Per un secondo capitolo che è stato accolto aspramente come inferiore, un tentativo fallito di ricatturare la magia del suo predecessore, Ritorno al futuro – Parte II si è rivelato sorprendentemente influente su una nuova generazione di film. Due settimane prima di The Flash, il pubblico ha potuto coglierne accenni anche in Spider-Man: Across the Spider-Verse, che allo stesso modo insegue una storia di fantascienza più radicata con molti salti di realtà contorti, una cupa versione alternativa del suo status quo da eroe del liceo e un finale “to be continued…“.
E ne sono presenti tracce importanti anche in altri blockbuster. Quando Avengers: Endgame ha utilizzato il viaggio nel tempo per inserire gli eroi negli eventi dei primi Vendicatori, non ha preso spunto dalla Parte II, in cui Zemeckis ha notoriamente tagliato e inserito Fox dal girato inutilizzato del primo film? Allo stesso modo, il franchise di Terminator ha seguito un copione simile con Genisys, intersecando la trama di un altro originale Eighties. Anche la saga Auguri per la tua morte ha fatto una deviazione nelle revisioni della timeline dei McFly, sottolineando il tutto con una citazione diretta.

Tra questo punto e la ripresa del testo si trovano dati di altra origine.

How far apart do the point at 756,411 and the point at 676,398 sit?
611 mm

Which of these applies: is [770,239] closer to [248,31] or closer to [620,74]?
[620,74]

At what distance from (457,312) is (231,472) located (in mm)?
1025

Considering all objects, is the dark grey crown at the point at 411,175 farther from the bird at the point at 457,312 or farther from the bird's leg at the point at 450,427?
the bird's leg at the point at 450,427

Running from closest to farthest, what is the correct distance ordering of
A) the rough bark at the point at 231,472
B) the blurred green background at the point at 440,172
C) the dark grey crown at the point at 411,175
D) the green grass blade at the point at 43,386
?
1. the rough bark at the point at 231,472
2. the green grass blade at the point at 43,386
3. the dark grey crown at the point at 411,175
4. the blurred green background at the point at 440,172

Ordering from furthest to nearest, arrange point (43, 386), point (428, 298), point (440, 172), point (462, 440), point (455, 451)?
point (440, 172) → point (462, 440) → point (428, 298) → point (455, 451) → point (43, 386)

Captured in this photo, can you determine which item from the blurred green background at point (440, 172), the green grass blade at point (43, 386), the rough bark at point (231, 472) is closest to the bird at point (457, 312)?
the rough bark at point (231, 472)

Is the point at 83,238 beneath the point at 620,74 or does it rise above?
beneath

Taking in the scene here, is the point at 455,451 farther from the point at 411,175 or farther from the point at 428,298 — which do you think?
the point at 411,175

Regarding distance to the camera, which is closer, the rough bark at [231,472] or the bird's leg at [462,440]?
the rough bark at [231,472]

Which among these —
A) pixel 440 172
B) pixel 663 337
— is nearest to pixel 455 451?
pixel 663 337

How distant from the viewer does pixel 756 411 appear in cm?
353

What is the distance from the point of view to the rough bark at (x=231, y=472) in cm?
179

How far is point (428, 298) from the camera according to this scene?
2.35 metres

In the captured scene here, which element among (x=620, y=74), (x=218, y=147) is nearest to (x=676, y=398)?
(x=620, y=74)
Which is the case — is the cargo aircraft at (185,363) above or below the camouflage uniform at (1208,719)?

Parte del motivo per cui Ritorno al futuro – Parte II ha resistito ben oltre il suo successo commerciale iniziale e la delusione della critica è che si è rivelato insolitamente profetico. Molti dei progressi tecnologici immaginati per la sua rappresentazione del lontano futuro – il 2015 – si sono poi avverati. Le aziende stanno ancora inseguendo il sogno degli hoverboard, aka i volopattini, product placement immaginario che ha chiaramente avuto un profondo effetto sulla fantasia del consumatore. C’era quella faccenda dei Chicago Cubs, che hanno quasi realizzato il loro destino di vincere tutto il giorno esatto in cui Marty è arrivato nel futuro. E, naturalmente, c’è la sfortunata profezia di Biff Tannen, la cui ascesa al potere in un 1985 alternativo sarebbe arrivata a rispecchiare il pasticcio politico creato dal riccone ingordo sul quale i cineasti lo hanno modellato, Donald Trump.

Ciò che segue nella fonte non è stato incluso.